Ketua Asosiasi Peternak Sapi Perah Indonesia (APSPI) Agus Warsito mengatakan pengaruh Permentan yang menghilangkan kewajiban IPS untuk bermitra dengan peternak memang belum terasa signifikan. Namun, gejalanya sudah mulai terasa dengan parameter persyaratan yang makin diperketat.
“Misalnya dari angka kuman yang terkandung dalam susu hasil produksi. Maksimal jumlah angka kuman yang ditoleransi adalah satu juta. Di atas itu, meski cuma lebih satu [angka] saja, susu kami akan ditolak,” katanya kepada Bisnis (25/9/2018).
Menurutnya standard parameter tersebut wajar dilakukan kalau diimbangi dengan bantuan pengadaan infrastruktur atau fasilitas pendingin agar target susu peternak dapat terealisir. Namun, tambahnya, di lapangan kondisinya tidak demikian.
Padahal menurut Agus sebelum Permentan tersebut direvisi, IPS masih memberikan toleransi kepada peternak. Dia menuturkan koperasinya sekarang hanya dapat menyetor ke IPS sebanyak 15—17 ton susu sedangkan sebelumnya dapat mencapai 30 ton.
Menurutnya, solusi terbaik adalah penyediaan infrastruktur berupa pendingin sampai di tingkat peternak supaya parameter angka kuman dapat terpenuhi. Saat ini unit pendingin belum tersedia di tingkat peternak dan IPS dengan tegas tidak mau berkompromi. “Ini memberatkan peternak sapi perah.”
Susu hasil produksi yang ditolak IPS, lanjutnya, akan diupayakan untuk dititip kepada koperasi lain dengan harapan susu tersebut masih akan diterima oleh IPS yang berbeda. Namun kalau tetap ditolak maka susu akan dibuang karena tidak bisa lagi diolah menjadi produk turunan lainnya.
“Kalau bisa diselamatkan antar koperasi dengan saling membantu ya alhamdulillah. Kalau tidak bisa diolah lagi ya dibuang,” katanya.

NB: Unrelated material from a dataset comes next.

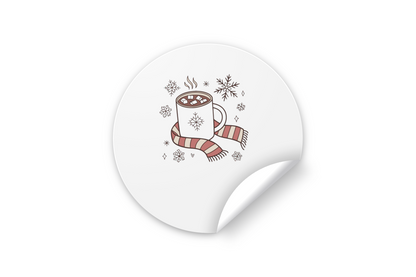 Sticker décoratif sur le thème hivernal avec motif chocolat chaud réconfortant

Menurut data Badan Pusat Statistik impor komoditas susu mencapai US$55 juta pada Agustus 2018 atau melompat 73,3% dibandingkan dengan bulan sebelumnya sebesar US$31,7 juta.
MASIH JALAN
Ketua Dewan Persusuan Nasional (DPN) Teguh Boediyana mengatakan sampai dengan saat ini kemitraan masih dijalankan antara peternak dengan IPS. “Intinya, kemitraan sampai hari ini masih berjalan, tapi jumlah susu yang dihasilkan masih kecil bahkan menurun,” katanya kepada Bisnis, Selasa (25/9).
Sayangnya, dia belum bisa memberikan data terperinci mengenai penurunan produksi SSDN itu. Sampai dengan saat ini Jawa Timur masih menjadi sentra produksi SSDN dilanjutkan dengan Jawa Barat, Jawa Tengah dan Yogyakarta. Rata-rata peternak juga masih bisa memenuhi persyaratan yang diinginkan oleh IPS.

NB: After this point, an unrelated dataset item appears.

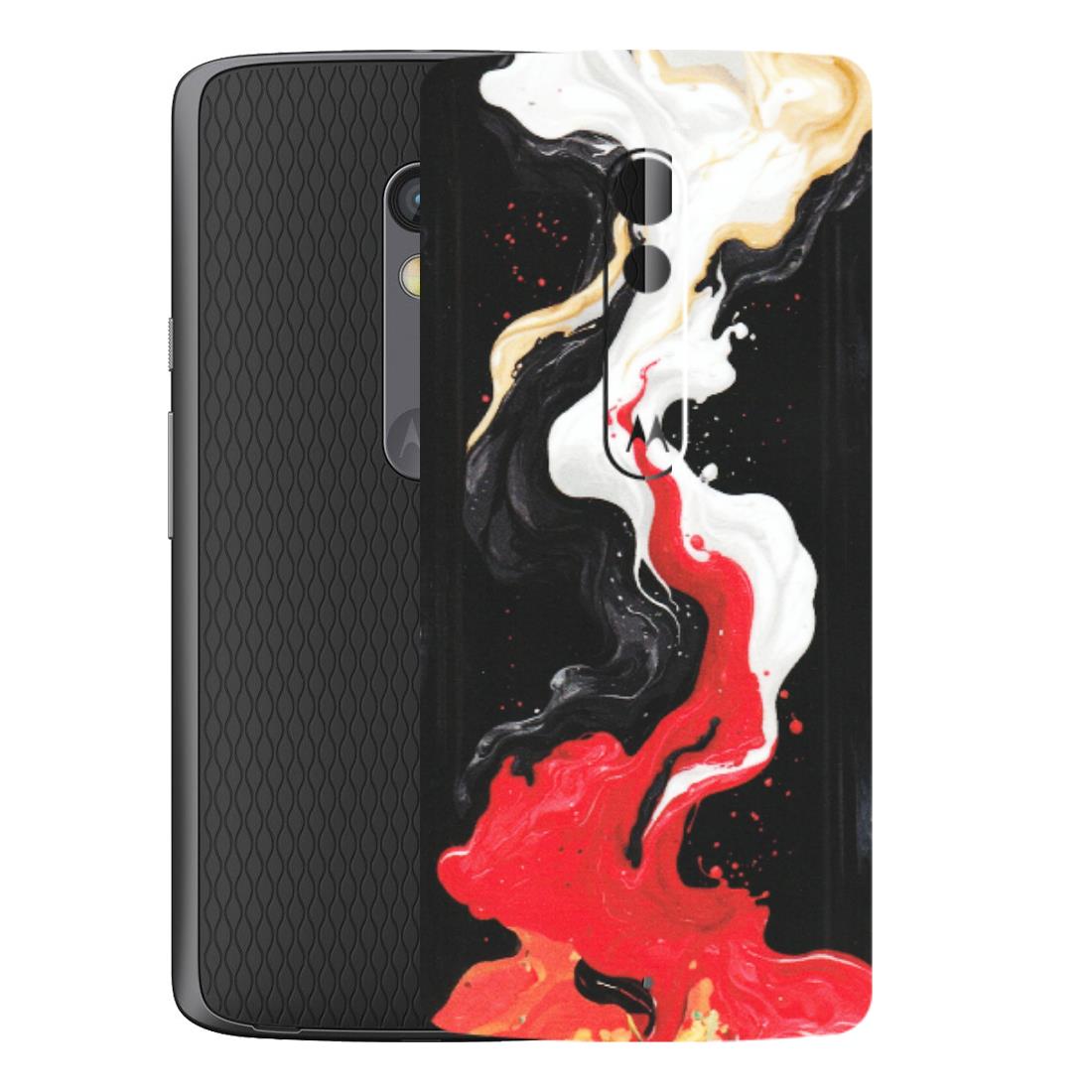 Motorola Phone Skins (All Models) - Black Red White Paint Splash Fusion - Matte Finish (M-56) Motorola Moto X Play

Adapun, untuk harga yang diberikan kepada peternak tergantung pada kualitas susu, untuk susu yang baik dihargai Rp6.500 per liter dan susu yang jelek dihargai dibawah Rp5.000 per liter.

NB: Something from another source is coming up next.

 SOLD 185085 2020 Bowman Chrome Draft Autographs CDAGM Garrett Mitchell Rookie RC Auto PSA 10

“Pendingin susu sangat dibutuhkan dan koperasi [peternak] harus punya. Pengadaan pendingin oleh koperasi pun [harus] dibantu dari IPS dengan pola kemitraan atau menyicil,” katanya.
Sekarang ini, lanjut Teguh, yang paling penting adalah pemerintah menyadari bahwa industri sedang darurat susu nasional.
Menurutnya dengan peningkatan impor susu oleh IPS harusnya menjadi momentum yang tepat untuk pemerintah sadar kalau impor susu, meskipun nilainya kecil yaitu Rp15 triliun, bisa disubtitusi dengan produksi dalam negeri dan membuka lapangan pekerjaan.
“[Harus] sadar sedang darurat jadi ada upaya peningkatan populasi dan produktivitas SSDN. Justru ini kesempatan kalau bisa menekan impor maka menekan devisa di sisi lain dan memberdayakan masyarakat desa dan membuka lapangan kerja,” katanya.
Pada 2020, Teguh meyakini konsumsi susu sapi akan terus meningkat seiring dengan pertambahan penduduk, peningkatan pendapatan dan sadar gizi masyarakat. Pada saat yang sama, produksi SSDN diramalkan hanya bisa memenuhi 10%--15% kebutuhan.